Of the participants, 59 percent were involved in paid employment, 36 percent in volunteering, and 14 percent in caregiving. (Some participants were involved in more than one type of activity.) The three aspects of engagement measured for each of these activities were vigor (“At my work, I feel bursting with energy”), dedication (“I am enthusiastic about my job”), and absorption (“I am immersed in my work”). The low, medium, and high engagement classifications were created by splitting the groups of people who engaged in these activities into even thirds.

The researchers first compared the participants involved in the three types of productive engagement with those who did not perform that type of activity. In this analysis, no difference was found between the psychological well-being of those doing paid work or volunteering, and those who were not. In contrast, individuals involved in caregiving showed poorer psychological well-being compared to those who were not. However, this picture changed once levels of engagement were taken into account.

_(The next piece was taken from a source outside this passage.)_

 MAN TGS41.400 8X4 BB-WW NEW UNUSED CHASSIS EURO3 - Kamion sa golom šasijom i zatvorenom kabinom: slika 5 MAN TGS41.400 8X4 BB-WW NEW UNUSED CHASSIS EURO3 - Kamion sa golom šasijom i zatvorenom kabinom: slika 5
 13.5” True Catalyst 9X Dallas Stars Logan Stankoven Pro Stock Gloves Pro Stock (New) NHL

Interestingly, among those who took part in paid work or volunteering activity, those individuals who had low or medium levels of engagement had significantly poorer psychological well-being compared to those who were not involved in paid work or volunteering. Yet those who had high levels of engagement in either paid work or volunteering had significantly greater psychological well-being than those who did not engage in these activities. For caregivers, a different pattern emerged: For these individuals, low and high levels of engagement were associated with poorer psychological well-being, compared to non-caregivers. However, those caregivers with medium levels of engagement showed higher psychological well-being compared to non-caregivers.

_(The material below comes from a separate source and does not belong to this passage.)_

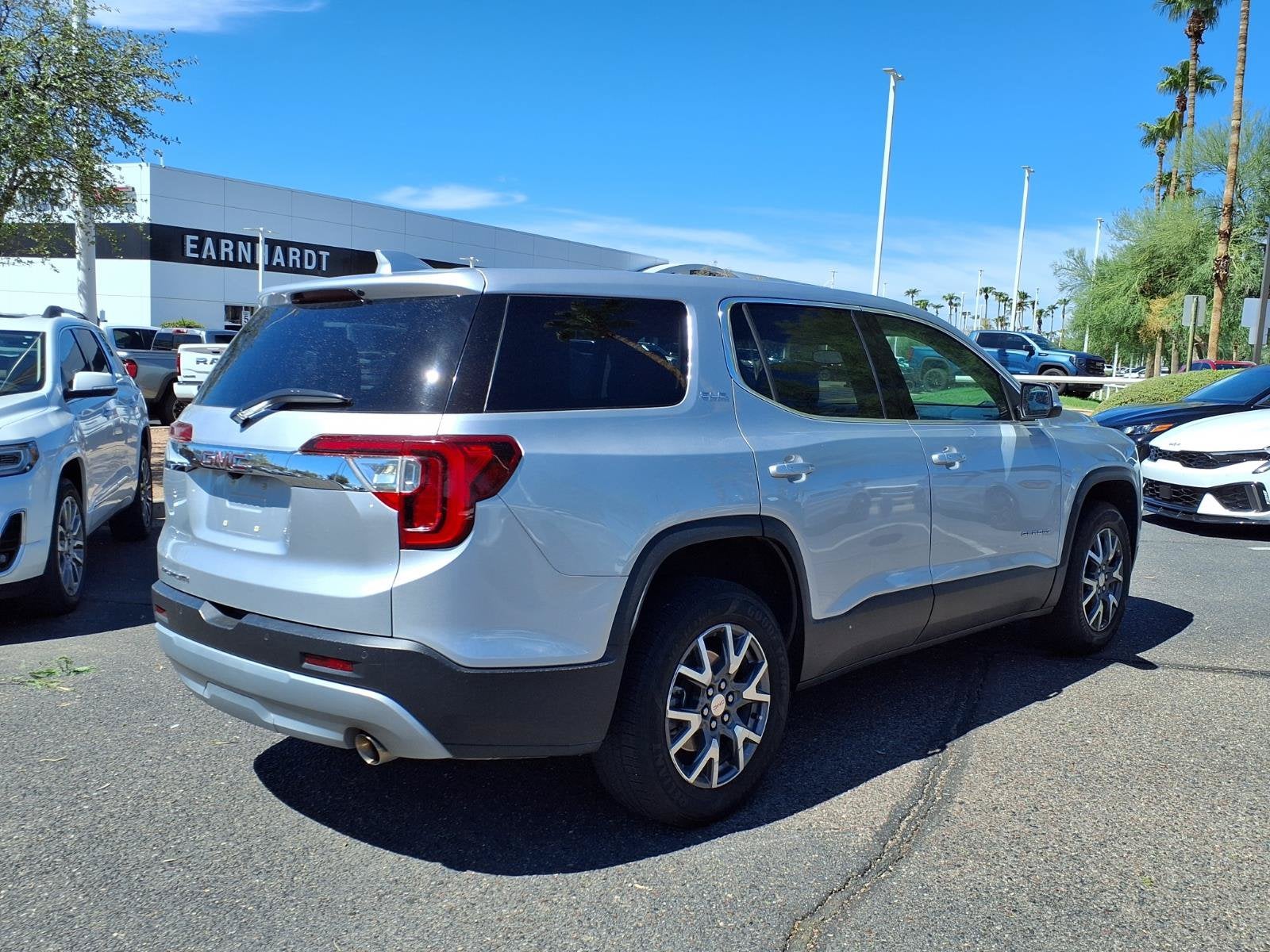 2020 GMC Acadia SLE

This research suggests that the positive psychological impact of productive roles may depend on an individual’s degree of engagement in such roles. It may not be enough to merely encourage volunteering in hopes of it having a positive psychological impact on an individual. Instead, this research suggests the psychological importance of finding volunteering activities in which the volunteer feels highly engaged. For caregivers, on the other hand, the research suggests that an intermediate level of engagement may lead to a positive psychological impact, but that too much or too little engagement could be psychologically detrimental. As the authors note, information about the subjective experiences of the individuals in any of these roles is important in order to determine whether such involvement is beneficial or not to midlife and older adults. Facilitating participation that can lead to positive psychological outcomes requires attention to the level of engagement of each participant.


Matz-Costa C, Besen E, James JB, et al. Differential impact of multiple levels of productive activity engagement on psychological well-being in middle and later life. The Gerontologist (2014); 54 (2): 277–289.